This means that if you choose it, you should adopt a pattern where you fetch the private data member into a local variable at the beginning of your utility function and set it from the local variable before you return. Of course some utility functions may call out to functions that require the object state to be updated before they're called, and this pattern would then have to be modified to account for that. But then again, such utility functions are likely not to be able to satisfy the strong exception handling guarantee and should be rethought anyway.
It looks as if you need some interface for client code, and some 'convenient' functionality for implementors of the interface, which they can only use if they follow the rule of calling the useThis function of the convenience layer, which will tweak their private members.

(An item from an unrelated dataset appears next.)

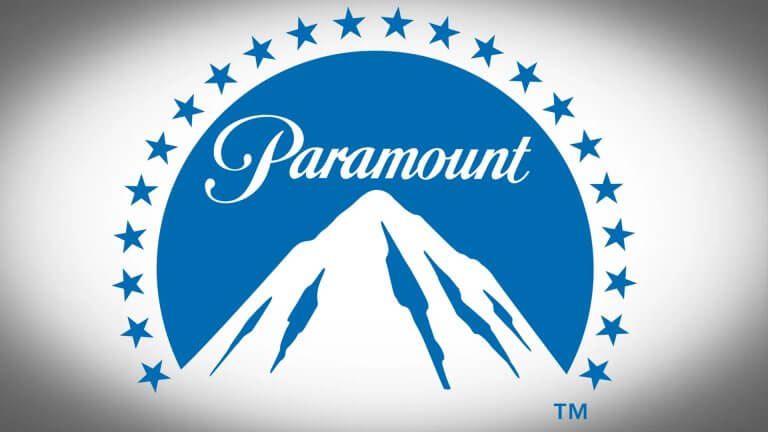 Das Logo von Paramount mit dem markanten Berg umgeben von Sternen.
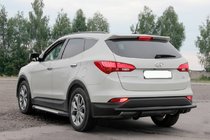 Hyundai Santa Fe 3 2012–2018 Zadný ochranný oblúk AK002 Black (nerez) fotografia 2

Whenever I gave in to the temptation of putting the convenience functionality in my abstract base class, I regretted it (soon!) afterwards. It takes away a lot of flexibility. The solution proposed by AlexKR makes this situation slightly better.
An alternative way of doing this is providing some convenience class that implementers of the interface can aggregate instead of inheriting it. It can provide a function taking the implementer's members as arguments.
class Interface { public: virtual void f() = 0; };
class Convenience {
public:
void tweakMyMembers( int& member1, float& member2 );
bool somestate;
};
class Implementor : public Interface {
int m1; float m2;
public: Implementor( bool b ): conv( b ) {}
virtual void f() { conv.tweakMyMembers( m1, m2 ); if( m1<m2 ) dothis(); }
};